Toxicity: The LD50 for oral administration of dihydrokavain is reported to be 920mg/kg and 1050 mh/kg for dihydromethysticin (Mills and Bone 2000, 462). Continuous administration of 50mg/kg of dihydrokavain three times a week for 3 months in rats showed no indication of toxicity (Mills and Bone 2000, 462). The oral LD50 for a kava extract standardized to 70% kava pyrones have been recorded as 16g/kg in rats, and 1.8 mg/kg in mice (Mills and Bone 2000, 462). There are recent anecdotal and medical reports of hepatotoxicity in humans associated with Kava ingestion in both Europe and North America, although whether or not Kava can actually be implicated in all cases is still a subject of debate. At this point only a small number of the cases are actually a cause for concern, as most of the other cases present additional factors, such as the concurrent use of alcohol, NSAIDs and other drugs, or a history of hepatitis and liver disease. Nonetheless, these reported cases of Kava toxicity have stimulated a ban on the usage of Kava in Canada and in several European countries, despite previous clinical trials and experimental evidence that have demonstrated the relative safety of Kava.

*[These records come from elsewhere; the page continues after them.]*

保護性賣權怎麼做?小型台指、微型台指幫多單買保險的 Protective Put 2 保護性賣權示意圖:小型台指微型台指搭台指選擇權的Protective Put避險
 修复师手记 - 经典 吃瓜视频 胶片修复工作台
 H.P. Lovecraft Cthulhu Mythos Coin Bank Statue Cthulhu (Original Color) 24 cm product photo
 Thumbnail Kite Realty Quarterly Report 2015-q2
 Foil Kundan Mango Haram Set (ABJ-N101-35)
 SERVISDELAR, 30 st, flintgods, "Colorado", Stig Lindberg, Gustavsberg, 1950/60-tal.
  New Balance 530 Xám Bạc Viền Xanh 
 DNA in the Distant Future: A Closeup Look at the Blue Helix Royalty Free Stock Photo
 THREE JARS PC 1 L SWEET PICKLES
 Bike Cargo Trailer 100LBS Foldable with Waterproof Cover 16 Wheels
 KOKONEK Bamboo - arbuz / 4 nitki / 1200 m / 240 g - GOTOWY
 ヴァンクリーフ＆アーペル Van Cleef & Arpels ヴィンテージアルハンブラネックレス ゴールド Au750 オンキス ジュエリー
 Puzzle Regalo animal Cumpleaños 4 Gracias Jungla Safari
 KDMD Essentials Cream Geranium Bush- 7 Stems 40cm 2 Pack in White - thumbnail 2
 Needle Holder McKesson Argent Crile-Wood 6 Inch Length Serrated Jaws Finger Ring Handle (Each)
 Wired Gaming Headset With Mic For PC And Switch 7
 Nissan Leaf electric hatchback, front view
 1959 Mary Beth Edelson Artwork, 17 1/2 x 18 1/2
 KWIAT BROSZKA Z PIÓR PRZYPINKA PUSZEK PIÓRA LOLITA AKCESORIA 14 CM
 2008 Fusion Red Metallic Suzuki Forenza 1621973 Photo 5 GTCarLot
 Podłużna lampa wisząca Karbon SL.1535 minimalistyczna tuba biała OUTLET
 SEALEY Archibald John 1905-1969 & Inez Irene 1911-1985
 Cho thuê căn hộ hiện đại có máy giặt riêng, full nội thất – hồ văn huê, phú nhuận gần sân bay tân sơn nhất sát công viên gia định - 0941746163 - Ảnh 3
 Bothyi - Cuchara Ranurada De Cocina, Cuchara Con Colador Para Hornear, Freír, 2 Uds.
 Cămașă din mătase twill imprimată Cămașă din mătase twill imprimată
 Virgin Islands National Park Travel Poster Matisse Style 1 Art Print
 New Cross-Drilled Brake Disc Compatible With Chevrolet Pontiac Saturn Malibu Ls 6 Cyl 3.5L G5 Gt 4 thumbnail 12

There has been much speculation about why there have been these recent reports of Kava toxicity, especially since these effects have not been observed in Polynesian society where Kava is consumed frequently and in very high doses. Some herbalists have speculated that the problem may lie with the processing and standardization of Kava, in which the kava pyrones are highly-purified and presented in a product that bears little similarity to the whole herb that is traditionally consumed. Another cause for concern is the chronic usage of Kava in disorders such as anxiety and insomnia, which is not a traditional indication in Polynesian society, and nor does it reflect the way herbalists have used this herb over the last few hundred years. Regardless of the reported cases of toxicity however, considering the amount of Kava that is sold and consumed in both Europe and North America, the statistical evidence still suggests that Kava is fairly safe, much more so than common OTC drugs such as NSAIDs that are well known hepatotoxic agents.
Herbal action: diuretic, urinary antiseptic, antispasmodic, analgesic, nervine relaxant, anaesthetic, anxiolytic
Indications: infection and inflammation of the genitourinary tract, urinary tenesmus, muscular pain, neuralgia, trigeminal neuralgia, neuropathies (e.g. toothache, earache, eye pain etc.)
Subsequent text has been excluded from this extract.